> _Your task_
Everything from the line containing "Snake bypass ring" to the end of the listing, both included, should be returned exactly, apart from the pictures.
== Records to process
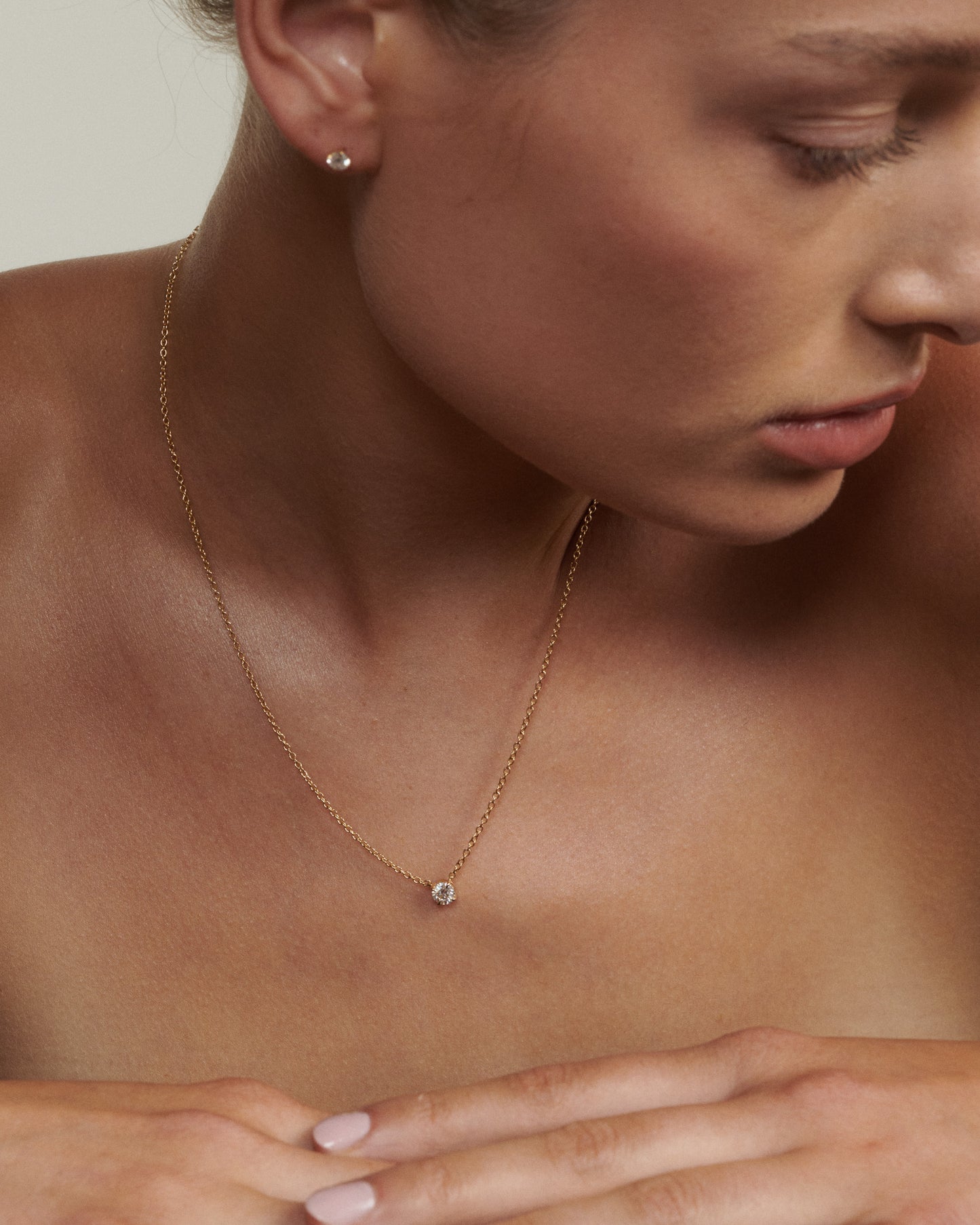 Close-up of a woman wearing a gold necklace with a small pendant.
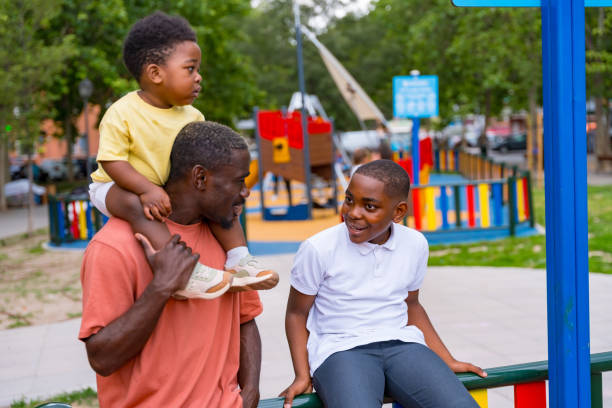 African black ethnicity father talking with his children in the playground of the city park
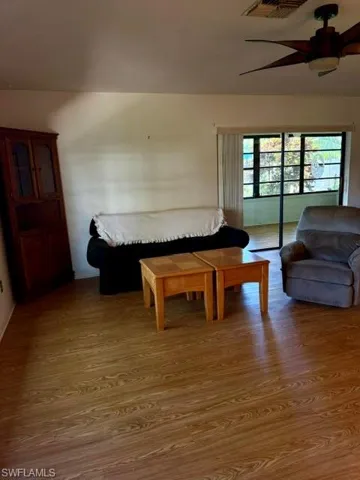 Living area featuring wood-finish flooring, a ceiling fan with integrated lighting, and a glass-enclosed Florida room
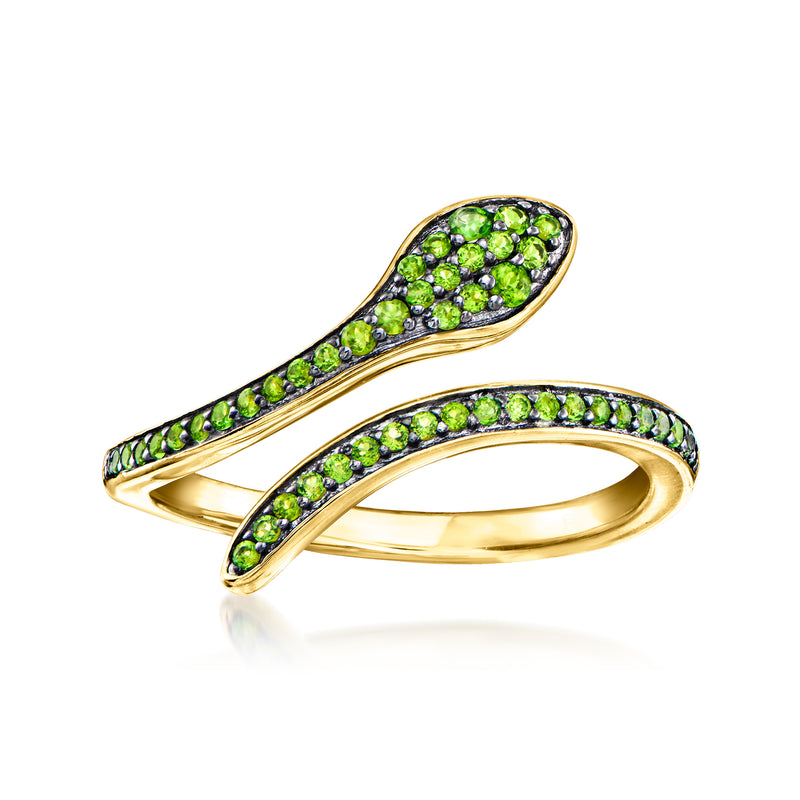 Snake bypass ring in 18kt gold over sterling silver with green gemstone settings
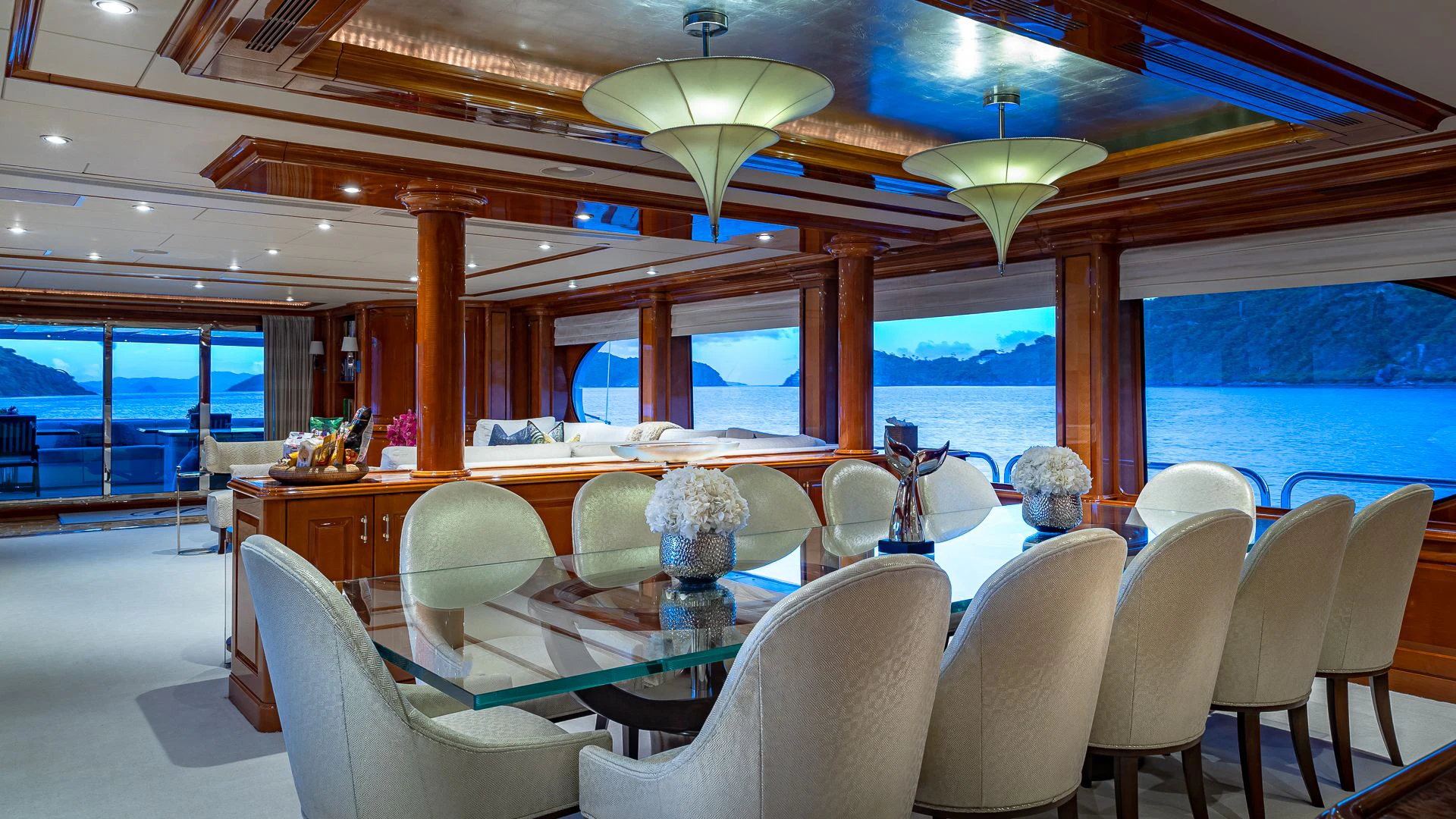 a room with a table chairs and a view of the ocean aboard MILESTONE Yacht for Sale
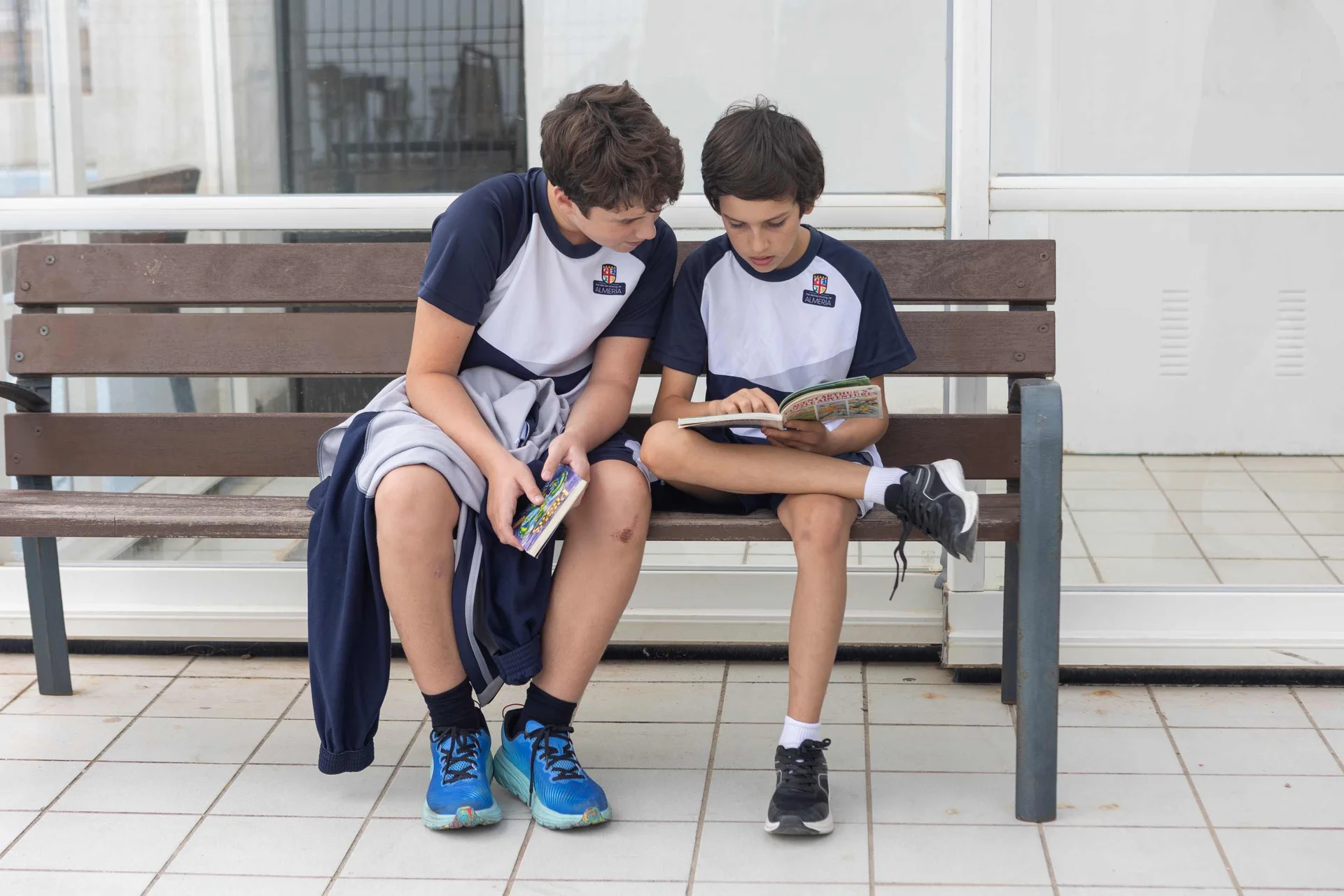 Two students in school sports uniforms sitting on a bench reading books together during break time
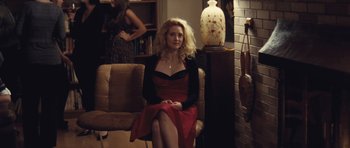 Movie still from “Café de Flore” (2011), directed by Jean-Marc Vallée – A woman in a red dress sitting on a chair in a room; Medium shot, Over the shoulder angle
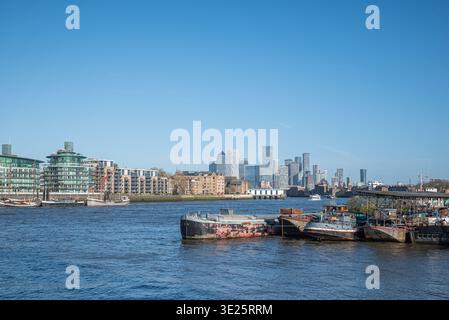 Blick über die Themse auf Boote im Vordergrund und die Skyline von Canary Wharf in der Ferne. London, Großbritannien. Stockfoto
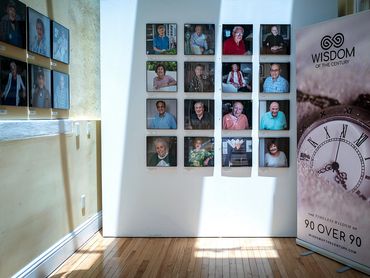 Photo exhibition pf elders on white wall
====
> _Output below_
 Snake bypass ring in 18kt gold over sterling silver with green gemstone settings
 a room with a table chairs and a view of the ocean aboard MILESTONE Yacht for Sale
 Two students in school sports uniforms sitting on a bench reading books together during break time
 Movie still from “Café de Flore” (2011), directed by Jean-Marc Vallée – A woman in a red dress sitting on a chair in a room; Medium shot, Over the shoulder angle
 Blick über die Themse auf Boote im Vordergrund und die Skyline von Canary Wharf in der Ferne. London, Großbritannien. Stockfoto
 Photo exhibition pf elders on white wall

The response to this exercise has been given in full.